In deepankardatta/blandr: Bland-Altman Method Comparison

#' @title Bland-Altman statistics for R
#'
#' @description Bland-Altman analysis function for R. Package created as existing
#' functions don't suit my needs, and don't generate 95\% confidence intervals
#' for bias and limits of agreement. This base function calculates the basic
#' statistics, and generates return values which can be used in the related
#' \code{blandr.display} and \code{bland.altamn.plot} functions. However
#' the return results can be used to generate a custom chart if desired.
#'
#' @author Deepankar Datta <deepankardatta@nhs.net>
#'
#' @note The function will give similar answers when used on the original Bland-Altman PEFR data sets. They won't be exactly the same as (a) for 95\% limits of agreement I have used +/-1.96, rather than 2, and (b) the computerised calculation means that the rounding that is present in each step of the original examples does not occur. This will give a more accurate answer, although I can understand why in 1986 rounding would occur at each step for ease of calculation.
#' @note The function depends on paired values.
#' @note It currently only can currently work out fixed bias.
#' @note Improvements for the future: proportional bias charts will need further work
#'
#' @note Started 2015-11-14
#' @note Last update 2016-02-04
#' @note Originally designed for LAVAS and CVLA
#'
#' @references Based on: (1) Bland, J. M., & Altman, D. (1986). Statistical methods for assessing agreement between two methods of clinical measurement. The Lancet, 327(8476), 307-310. http://dx.doi.org/10.1016/S0140-6736(86)90837-8
#' @references Confidence interval work based on follow-up paper: (2) Altman, D. G., & Bland, J. M. (2002). Commentary on quantifying agreement between two methods of measurement.

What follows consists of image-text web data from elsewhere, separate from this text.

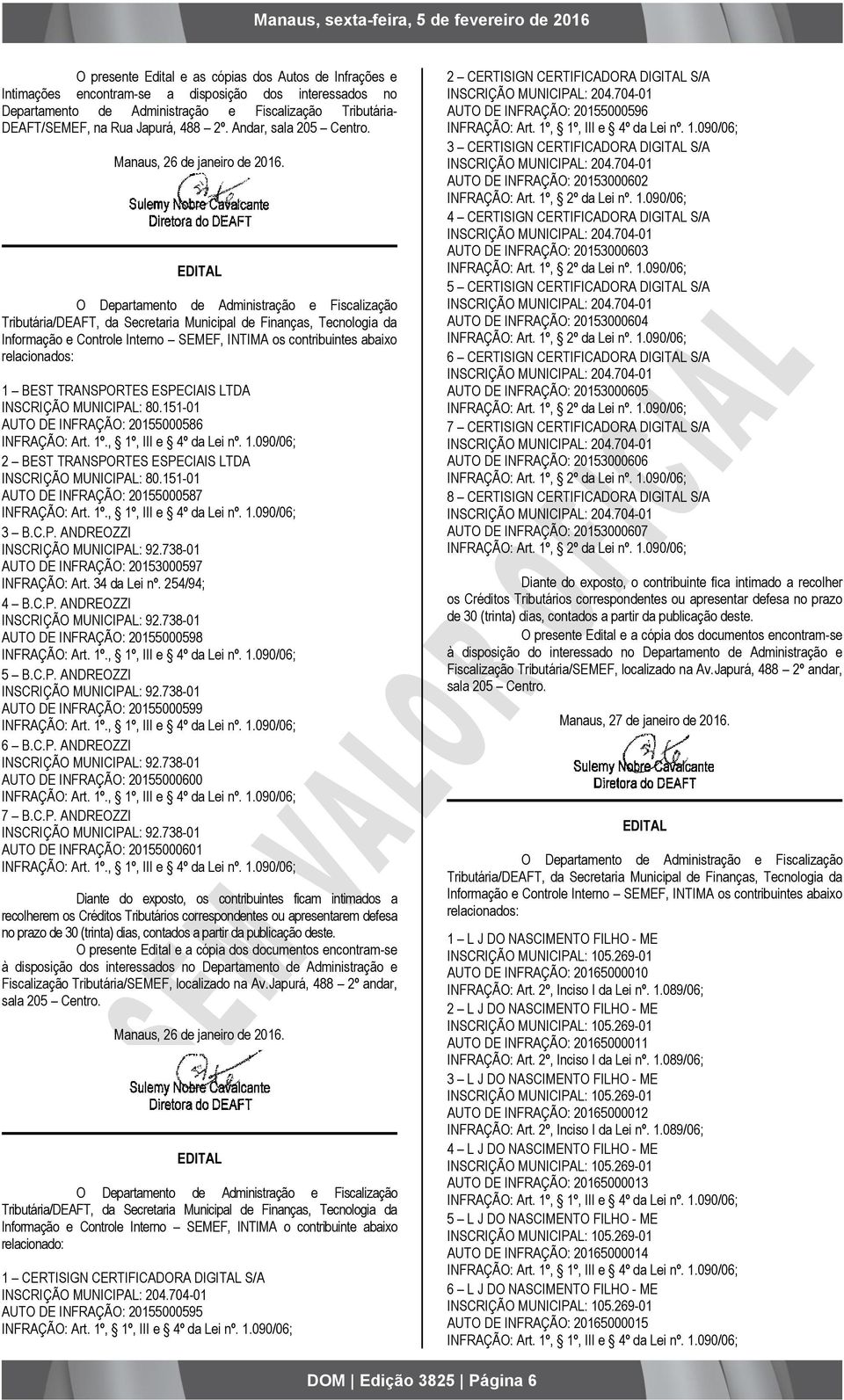 EDITAL O Departamento de Administração e Fiscalização Tributária/DEAFT, da Secretaria Municipal de Finanças, Tecnologia da Informação e Controle Interno SEMEF, INTIMA os contribuintes abaixo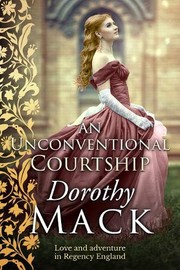 Cover of: An Unconventional Courtship: Love and Adventure in Regency England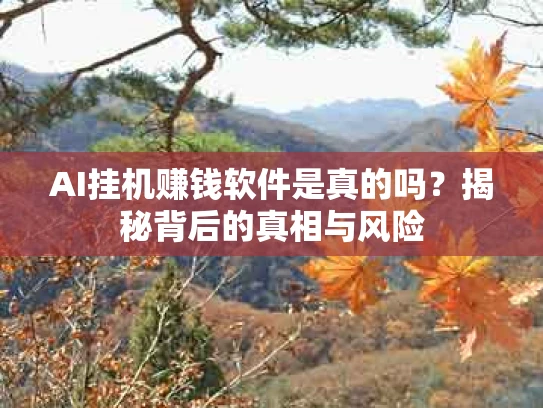 AI挂机赚钱软件是真的吗？揭秘背后的真相与风险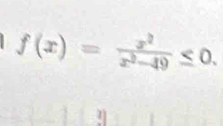 f(x)= x^2/x^2-49 ≤ 0. 
η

Clinical chemistry, 48(5), 801-802. http://www.clinchem.org/content/48/5/801.full.pdf
#'
#' @param x Either a formula, or a vector of numbers corresponding to the results from method 1.
#' @param y A vector of numbers corresponding to the results from method 2. Only needed if \code{X} is a vector.
#' @param sig.level (Optional) Two-tailed significance level. Expressed from 0 to 1. Defaults to 0.95.
#' @param LoA.mode (Optional) Switch to change how accurately the limits of agreement (LoA) are calculated from the bias and its standard deviation. The default is LoA.mode=1 which calculates LoA with the more accurate 1.96x multiplier. LoA.mode=2 uses the 2x multiplier which was used in the original papers. This should really be kept at default, except to double check calculations in older papers.
#' @param ... other arguments.
#'
#' @return An object of class 'blandr' is returned. This is a list with the following elements:
#' \item{means}{List of arithmetic mean of the two methods}
#' \item{differences}{List of differences of the two methods}
#' \item{method1}{Returns the 'method1' list in the data frame if further evaluation is needed}
#' \item{method2}{Returns the 'method2' list in the data frame if further evaluation is needed}
#' \item{sig.level}{Significance level supplied to the function}
#' \item{sig.level.convert.to.z}{Significance level convert to Z value}
#' \item{bias}{Bias of the two methods}
#' \item{biasUpperCI}{Upper confidence interval of the bias (based on significance level)}
#' \item{biasLowerCI}{Lower confidence interval of the bias (based on significance level)}
#' \item{biasStdDev}{Standard deviation for the bias}
#' \item{biasSEM}{Standard error for the bias}
#' \item{LOA_SEM}{Standard error for the limits of agreement}
#' \item{upperLOA}{Upper limit of agreement}
#' \item{upperLOA_upperCI}{Upper confidence interval of the upper limit of agreement}
#' \item{upperLOA_lowerCI}{Lower confidence interval of the upper limit of agreement}
#' \item{lowerLOA}{Lower limit of agreement}
#' \item{lowerLOA_upperCI}{Upper confidence interval of the lower limit of agreement}
#' \item{lowerLOA_lowerCI}{Lower confidence interval of the lower limit of agreement}
#' \item{proportion}{Differences/means*100}
#' \item{no.of.observations}{Number of observations}
#' \item{regression.equation}{A regression equation to help determine if there is any proportional bias}
#' \item{regression.fixed.slope}{The slope value of the regression equation}
#' \item{regression.fixed.intercept}{The intercept value of the regression equation}
#'
#' @importFrom stats coef cor lm na.omit qnorm qt sd t.test
#'
#' @include blandr.data.preparation.r
#'
#' @examples
#'
#' # Generates two random measurements
#' measurement1 <- rnorm(100)
#' measurement2 <- rnorm(100)
#'
#' # Generates Bland-Altman statistics data of the two measurements
#' blandr.statistics( measurement1 , measurement2 )
#'
#' # Generates Bland-Altman statistics data of the two measurements using the formula interface
#'
#' blandr.statistics( measurement2 ~ measurement1 )
#'
#' # Example with a real data set
#' blandr.statistics( Method.B ~ Method.A, data = giavarina.2015 )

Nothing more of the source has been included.